A. Further Guidance on Payment Functions
The Guidance provides further detail on when the relevant payment functions under the RPAA are engaged:
1. Provision or Maintenance of an Account
As noted in the Guidance, “[y]ou are providing or maintaining an account on behalf of an end user if you store end-user personal or financial information in relation to future [electronic funds transfers (EFTs)]”
The Guidance further states that “[s]torage of any personal or financial information about an identifiable end user is considered storing end-user information in the context of this payment function.” An entity is considered to be storing such information in relation to EFTs “as soon as one of [the] purposes [of storing information] is to conduct future electronic funds transfers”.
The Guidance also specifically states that “you do not need to hold funds to maintain an account.”
2. Holding Funds
The Guidance notes that this payment function includes:
- “services where end users can withdraw their funds or make a fund transfer at a future point in time (e.g., neobank services or other services where end-user funds are placed for a period)
- funds received from a payer that are held for a payee to transfer or withdraw at a future date
- funds that are awaiting action by a payee to complete the transfer”
The Guidance notes this excludes “single payments where funds cannot be used for future transfers or withdrawals” and “funds in transit (whether passing through other PSPs, financial institutions or payment systems)”. In addition, “in a situation where funds are being transferred from an end user account with one PSP to an end user’s account at another PSP via intermediary PSPs, only the initial and final PSP would be identified to be holding funds, provided that funds are continuously in transit.”
3. Initiation of an EFT
The Guidance notes that “[y]ou are initiating an EFT if you are the individual or entity that launches the first payment instruction enabling an EFT requested by a payer or payee”, which can be done either through a push payment or a pull payment.
Here, “[t]he first instruction in an EFT includes any electronic information—financial or otherwise—necessary to carry out a payment” and the “critical identifying features for the initiation function relate to the content of the data and the sequence of the instruction in the payment chain.” In particular, “[w]hat distinguishes the initiation function from other functions is the creation of the first instruction.”
4. Authorization of an EFT or Transmission, Reception or Facilitation of an Instruction in relation to an EFT
Authorization of an EFT
The Guidance states that authorization of an EFT occurs when you:
- “request that an end user confirm sending or receiving an EFT
- confirm whether the end user has sufficient funds to make the requested EFT
- have established an arrangement with an end user to send or receive an EFT without requiring the end user to take an action (i.e., pre-authorized payments)
- debit or credit an end user’s account according to the payment instruction associated with an EFT”
The Guidance also notes that “a single transaction can have multiple points of authorization.”
Transmission, Reception, or Facilitation of an Instruction in Relation to an EFT
The Guidance provides that this payment function is engaged “if you send or receive payment instructions or if you provide the infrastructure that enables payment instructions to be sent or received.

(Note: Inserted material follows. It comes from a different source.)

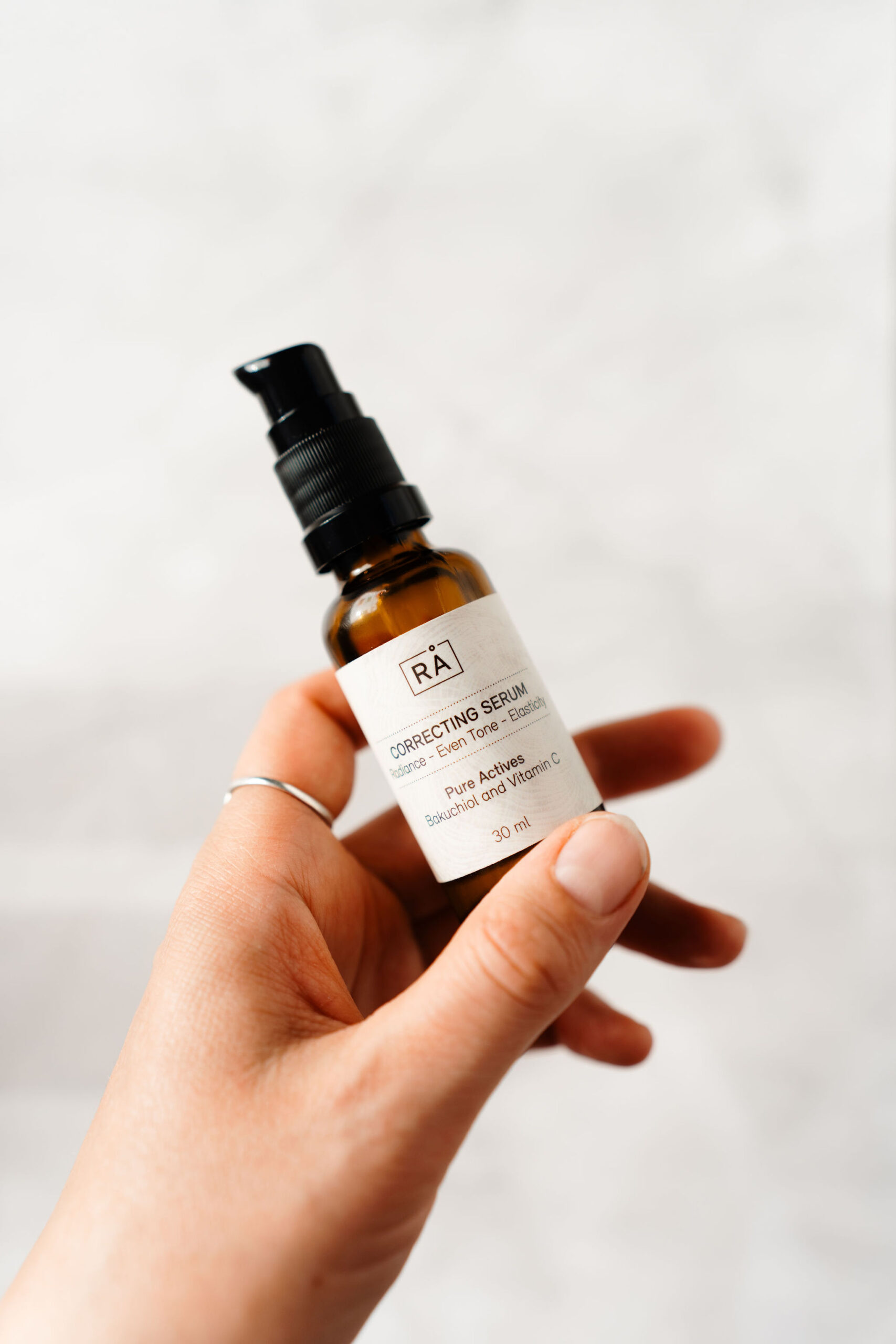 hånd som holder correcting serum med c-vitamin og bakuchiol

The set of actions undertaken in relation to this element of the payment function is broad and can encompass almost any handling of payment instructions outside of instructions being sent to initiate or authorize an EFT.”

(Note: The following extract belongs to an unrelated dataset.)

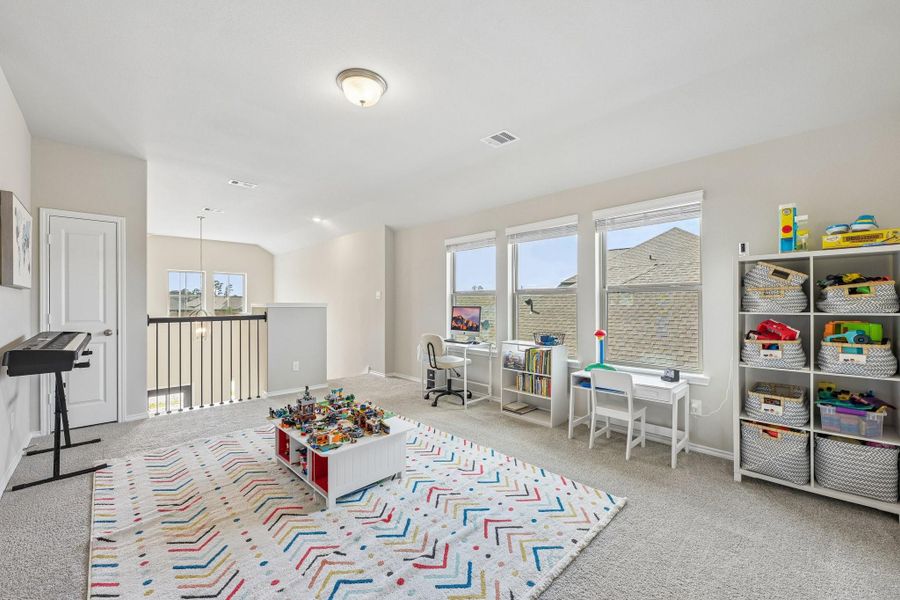 Bright and spacious loft area perfect for a playroom or home office, featuring large windows, ample storage, and a cozy carpeted floor.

The Guidance also provides that “[g]enerally, you transmit, receive or facilitate an instruction in relation to EFT if you:
- send a payment instruction to another individual or entity to take an action in relation to an EFT
- receive a payment instruction from another individual or entity to take an action in relation to an EFT
- provide a platform, network or any other type of infrastructure that enables, facilitates or supports sending and receiving payment instructions”
The Guidance provides a number of examples when this payment function may be engaged, such as:
- “[sending or receiving] payment instructions (…) to transform it (e.g., by encryption or tokenization) or to simply pass it on to another individual or entity to push the EFT to the next stage in a payment chain”,
- “[providing] a network that other individuals and entities such as PSPs and financial institutions can connect to and send and receive payment instructions in relation to EFTs”, or
- “[providing] an interface or platform built to enable other individuals or entities to access or use a third-party network where instructions are sent or received.”
5. Provision of Clearing or Settlement Services
The Guidance defines “clearing” as “the process of transmitting, reconciling and, in some cases, confirming transactions prior to settlement, potentially including the netting of transactions and the establishment of final positions for settlement.”
- “Settlementis the discharge of an obligation in accordance with the terms of the underlying contract.”
The Guidance provides that “[y]ou are performing this payment function if you provide clearing services to another entity” and provides the following examples:
- “calculating final positions, which may include netting positions
- transforming payment instructions from one format to another for settlement purposes
- performing collection and security and integrity checks of payment items to be settled
- sorting transactions by payment instrument type or by destination (e.g., to a PSP, financial institution, network operator)
- transmitting final position information to relevant parties, including transmitting clearing orders (to a financial institution, network operator or another settlement organization) and distributing notifications back to parties involved in the clearing process (e.g., showing amounts and settlement dates)
- confirming availability of funds for settlement”
That said, the Guidance also clarifies that “You may provide services (e.g., to merchants) that are similar to the activities described above but that are not a precursor to the settlement of payment obligations. For example, you could provide software used by merchants only for accounting purposes or software that solely facilitates data analysis and reporting about their business transactions. In theses cases, you would most likely not be performing this payment function.”
The Guidance defines “settlement” as “the discharge of an obligation according to the terms of the underlying contract.”
The Guidance states that you “perform this payment function if you are an individual or entity that provides settlement services to other entities (which can include other PSPs): for example, settling on behalf of other entities by acting as settlement agent in connection with a clearing and settlement system” and provides the following examples:
- “posting credits and debits in an entity's account (which may or may not be followed by posting credits and debits in an end user’s account maintained by that entity)
- account adjustment”
B. Further Guidance on “Incidental Activities”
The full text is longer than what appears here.